ACTIVITY —
Precise copying is required. Return the data below in full.

DATASET EXTRACT —
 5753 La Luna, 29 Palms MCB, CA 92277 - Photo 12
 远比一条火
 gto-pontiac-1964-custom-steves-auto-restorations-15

ANSWER FOR THIS EXERCISE —
 5753 La Luna, 29 Palms MCB, CA 92277 - Photo 12
 远比一条火
 gto-pontiac-1964-custom-steves-auto-restorations-15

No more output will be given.